For Virgil, Arcadia was the name of a mythical valley in Ancient Greece populated by shepherds with a penchant for singing. These denizens couldn’t abandon all despair in their simple, harmonious existence, for Arcadia did not grant them immunity from mortality. But by and large these Arcadians sang, worked, and enjoyed both their time with others and solitary encounters with nature. With the exception of Jean-Baptiste-Camille Corot, none of the featured artists fully connect to Virgil’s ideas other than in the general sense of depicting idyllic places. Though the exhibition haphazardly plants a variation of the word “Arcadia” countless times throughout — an attempt to assert Arcadia’s presence with dubious success — the influence of Arcadia, and even its actual definition, remains muddled and contradictory. The exhibition posits some of its most spurious claims regarding the featured paintings of Paul Gauguin, Paul Cézanne, and Henri Matisse, the three artists around which the exhibition is centered.

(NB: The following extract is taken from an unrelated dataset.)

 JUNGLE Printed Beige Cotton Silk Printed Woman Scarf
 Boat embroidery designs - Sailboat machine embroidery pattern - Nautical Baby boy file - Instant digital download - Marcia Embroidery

The rooms following the Virgil précis are organized more or less chronologically, starting with Poussin, Corot, and Pierre Puvis de Chavannes. Corot’s contemplative, serene man in his circa 1871 oil painting Goatherd of Terni reminds viewers most of Virgil’s Arcadia. Corot painted the canvas about forty-five years after he visited Terni, an Italian city north of Rome. Viewers look on with the depicted goatherd through the darkened foliage into the sublime golden sunset, and we feel as close to Arcadia as that goatherd. Corot’s paintings achieve a synergy when coupled with Virgil’s poetry seen nowhere else in the exhibition, and for that they stand out; all the other paintings seem confusingly disparate with Virgil’s ideas in comparison.

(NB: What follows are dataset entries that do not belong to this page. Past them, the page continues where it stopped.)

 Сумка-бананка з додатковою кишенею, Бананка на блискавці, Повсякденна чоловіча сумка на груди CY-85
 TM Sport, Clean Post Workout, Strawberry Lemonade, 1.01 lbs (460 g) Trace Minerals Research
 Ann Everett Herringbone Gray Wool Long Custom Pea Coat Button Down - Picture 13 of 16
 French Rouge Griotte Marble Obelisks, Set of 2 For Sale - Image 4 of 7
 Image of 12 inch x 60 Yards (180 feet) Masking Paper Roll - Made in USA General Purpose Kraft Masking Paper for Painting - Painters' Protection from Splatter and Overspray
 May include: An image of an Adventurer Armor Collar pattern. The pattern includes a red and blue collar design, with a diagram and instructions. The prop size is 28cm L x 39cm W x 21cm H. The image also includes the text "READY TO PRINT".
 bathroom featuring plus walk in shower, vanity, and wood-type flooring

Puvis de Chavannes’ 1867 Peace canvas, a public commission for the Second French Empire, reveals a bit of appropriation of the Arcadian theme to serve as a vehicle for civic cooperation and national unity propaganda. The scene shows a large group of nude and loosely dressed figures engaged in various tasks for the good of the community, with intent reminiscent of fourteenth century Sienese artist Ambrogio Lorenzetti’s Good Government fresco. While one may argue that harmony among a nation’s citizenry embodies a vision of the ideal, this viewpoint doesn’t speak to Virgil’s words, which made no mention of Arcadians happily managed by a bureaucratic foundation.

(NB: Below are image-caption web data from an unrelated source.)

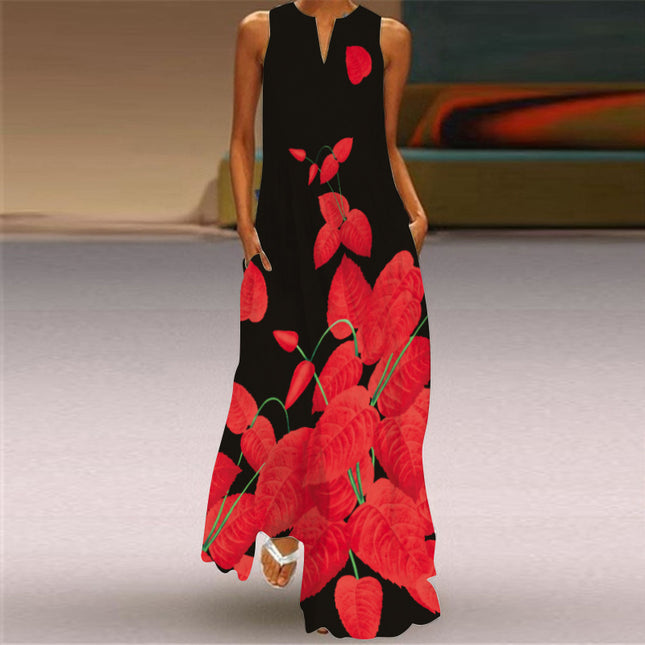 2022 New European and American Cross-border Independent Station Women's Sleeveless Long Dress V-neck Rose Flower Vintage Printed dress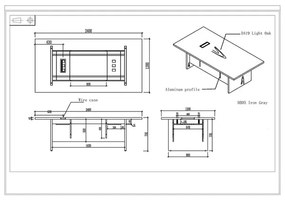 RFG Заседателна маса Milano, 2400 х 1200 х 750 mm, светъл дъб и сиво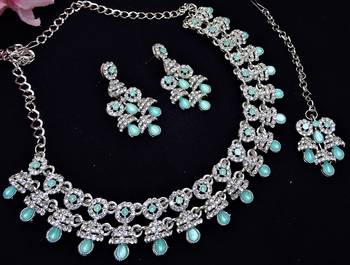 Green rhodium premium designer american diamond and stone work necklace set 3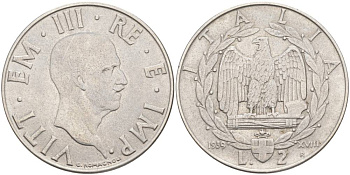 ИТАЛИЯ 2 ЛИРЫ 1939 R, ГОД XVIII, ВИКТОР ЭММАНУИЛ III (1900-1946), немагнитная, ГУРТ РИФЛЁНЫЙ KM78a, VEM3. 1153 a) нержавеющая сталь 3855-233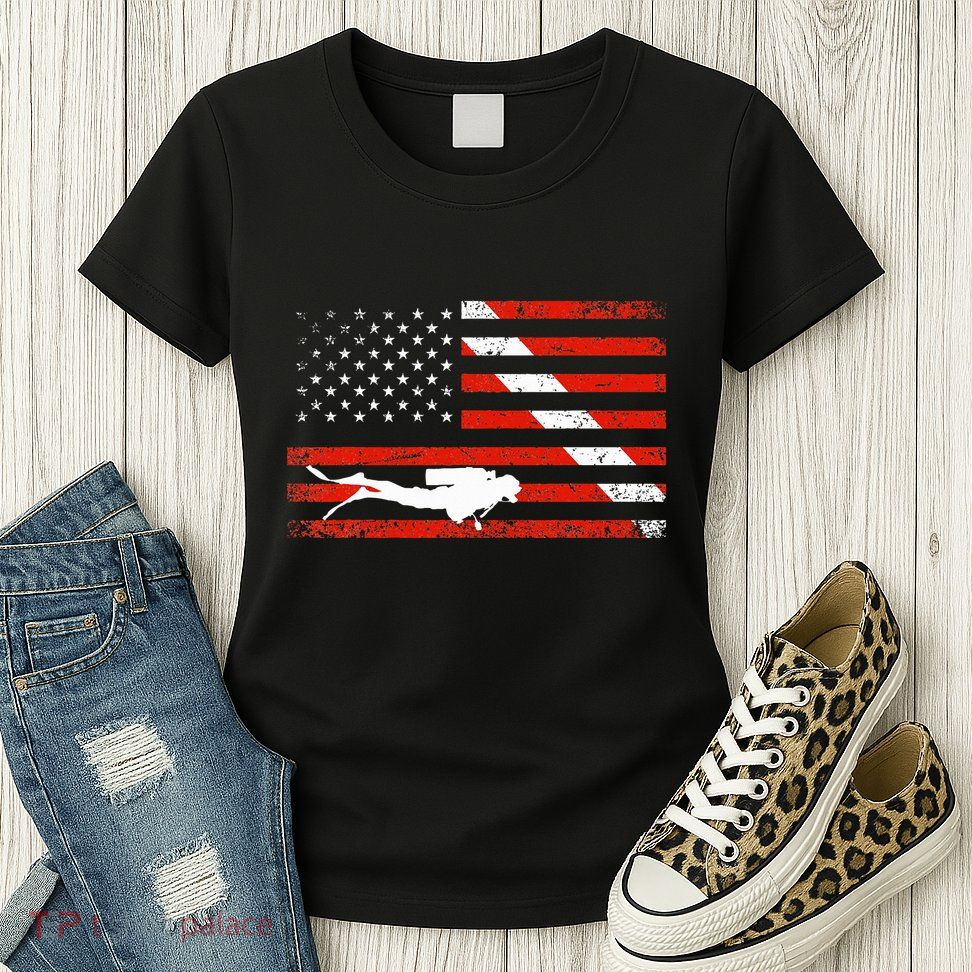 Diver Down Dive Flag Scuba Diving American Flag Womens T-Shirt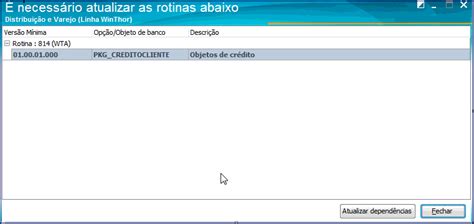 WINT O Que Fazer Quando Aparecer A Mensagem PKG CREDITOCLIENTE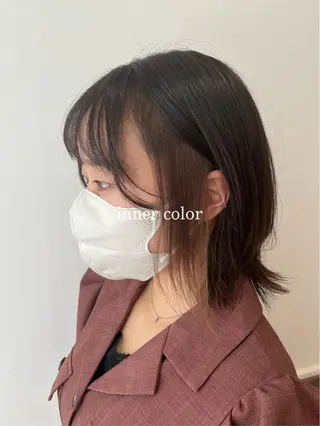 ミディアム カラー ボブ🍊暖色カラー 浅草【Bob美容師】のヘアスタイル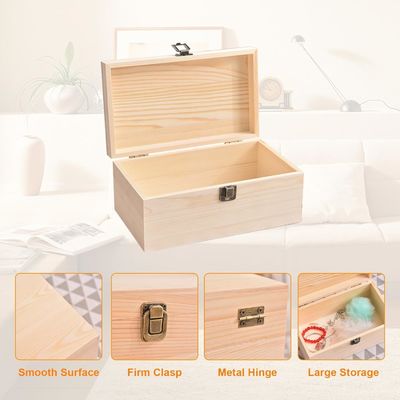 10.6 x 8 x 5.7 Inch Wooden Storage Box with Hinged Lid Customized Logo Acceptable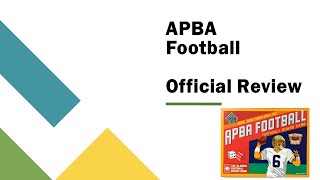 Official APBA Football Review 2024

The second room in the exhibition transitions to the work of the Neoimpressionists (also known as the Pointillists), who offered their own varying visions of paradise. Maximilien Luce’s 1892 painting Bathers at Saint-Tropez presents a tantalizing image with gracefully modeled nudes in an exotically colored landscape. The dots set the figures ablaze with an enchanting mosaic of countless hues placed side by side, giving their skin a fascinating, chameleon-like quality. It provides a titillating visual experience to viewers that makes it welcome for the pleasure of experiencing dazzling art.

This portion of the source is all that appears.